Türkisch-Islamische Union der Anstalt für Religion e.V. (DITIB)
Aber auch DITIB, die als einer der drei Vertragspartner des Senats fungiert, ist in der Vergangenheit durch Skandale aufgefallen, was begründete Zweifel daran aufkommen lässt, ob sich der Verein tatsächlich an die im Staatsvertrag formulierten Wertegrundlagen gebunden fühlt, zu denen auch das Bekenntnis zur „Toleranz gegenüber anderen Religionen und Kulturen“ gehört.
Dass es damit bei DITIB offenbar nicht allzu weit her ist, zeigte sich im Februar 2017. Damals geriet die Organisation, die von der türkischen Religionsbehörde DIYANET kontrolliert wird, in Deutschland über 900 Moscheen unterhält und in mehreren Fällen der Spionage überführt wurde, wegen islamistischer Hetze in die Schlagzeilen.
„Gib uns den Befehl, und wir zerschlagen Deutschland“
Zuvor hatte der Vorsitzende der zu DITIB gehörenden Wilhelmsburger Muradiye-Moschee in sozialen Medien erklärt, Muslime seien nicht an das Grundgesetz, sondern nur an den Koran gebunden. Auch wollte er Türken und Kurden, die nicht nach dem Islam leben, ins Gesicht spucken und kündigte an, Deutschland auf Befehl Erdogans zu zerstören.
Im Gegensatz dazu erschien die im Dezember 2016 publik gewordene Verbreitung salafistischer Karikaturen durch Mitglieder der DITIB-Jugendorganisation geradezu harmlos. Die im Internet kursierenden Illustrationen zeigten einen Muslim, der dem Weihnachtsmann einen Faustschlag versetzt und enthielten Warnungen vor den „Festen der Ungläubigen“.

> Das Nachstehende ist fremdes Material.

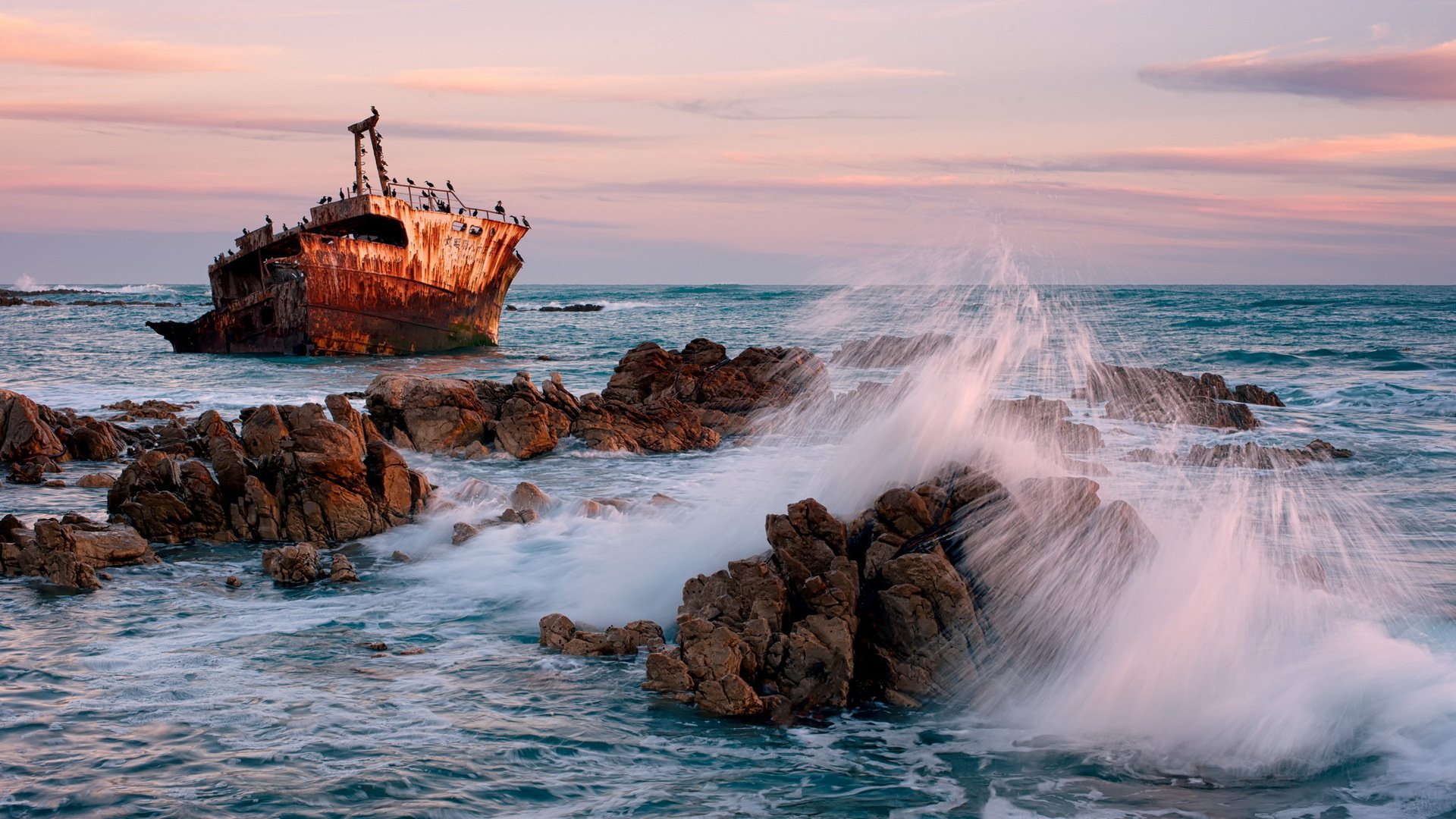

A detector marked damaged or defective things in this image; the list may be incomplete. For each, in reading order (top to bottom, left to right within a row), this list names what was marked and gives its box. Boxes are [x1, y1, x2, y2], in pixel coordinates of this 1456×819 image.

Zuvor hatte die Hamburger DITIB 2015 und 2016 insgesamt 254.187 Euro vom Bundesministerium für Soziales, Frauen und Jungend erhalten, während man ihr für 2017 Fördergelder in Höhe von 128.600 Euro in Aussicht stellte.
Umstrittener Status
Neben den Verfehlungen ihrer Funktionäre hat DITIB allerdings noch ein anderes Problem. Im Hinblick auf die Unterzeichnung des Staatsvertrages hatte der Hamburger Senat 2011 eine Expertise in Auftrag gegeben, um die Frage zu klären, ob es sich bei DITIB überhaupt um eine Religionsgemeinschaft im Sinne des Grundgesetzes handele.
Im Ergebnis sprachen die involvierten Experten die Empfehlung einer Satzungsänderung aus, da DITIB durch ihr Statut der direkten Kontrolle von DIYANET unterlag – eines Organs des türkischen Staates, das im Januar 2018 forderte, das heiratsfähige Alter von Mädchen auf neun Jahre abzusenken.

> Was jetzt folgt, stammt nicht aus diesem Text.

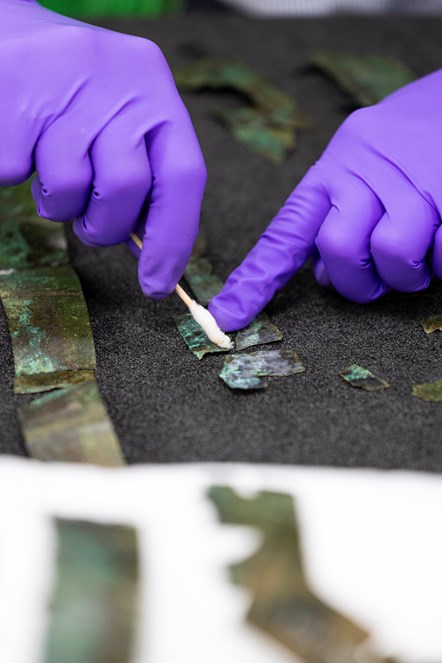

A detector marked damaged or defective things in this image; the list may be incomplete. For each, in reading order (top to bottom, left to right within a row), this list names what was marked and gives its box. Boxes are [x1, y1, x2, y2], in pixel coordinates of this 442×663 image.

green corroded metal fragment [310, 52, 418, 106]
green corrosion [312, 52, 416, 106]
green corroded metal fragment [174, 59, 312, 163]
green corroded metal fragment [0, 182, 68, 270]
green corroded metal fragment [183, 255, 224, 308]
green corrosion [0, 264, 96, 384]
green corroded metal fragment [0, 264, 96, 390]
green corroded metal fragment [173, 312, 230, 358]
green corrosion [173, 312, 230, 360]
green corroded metal fragment [235, 312, 284, 352]
green corroded metal fragment [420, 316, 442, 338]
green corroded metal fragment [218, 348, 304, 390]
green corrosion [218, 348, 304, 390]
green corroded metal fragment [340, 366, 388, 392]
green corrosion [338, 366, 390, 392]
green corroded metal fragment [412, 382, 442, 402]
green corrosion [412, 382, 442, 402]
green corroded metal fragment [18, 378, 125, 466]
green corrosion [18, 378, 125, 466]
green corrosion [43, 520, 138, 663]
green corroded metal fragment [44, 520, 138, 663]
green corrosion [207, 486, 370, 660]
green corroded metal fragment [209, 488, 372, 663]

Die Politik steckt in einer Sackgasse
Über die Sinnhaftigkeit, eine stetig wachsende Anzahl von Muslimen in eine nichtislamische Mehrheitsgesellschaft integrieren zu wollen, indem man ihren Verbänden die Umgestaltung einzelner sozialer Segmente gestattet und ihnen gleichzeitig hohe Summen zur Förderung der Integration bezahlt, lässt sich streiten. Hingegen ist erwiesen, dass das Abschließen von Staatsverträgen diesem Ziel zuwiderläuft.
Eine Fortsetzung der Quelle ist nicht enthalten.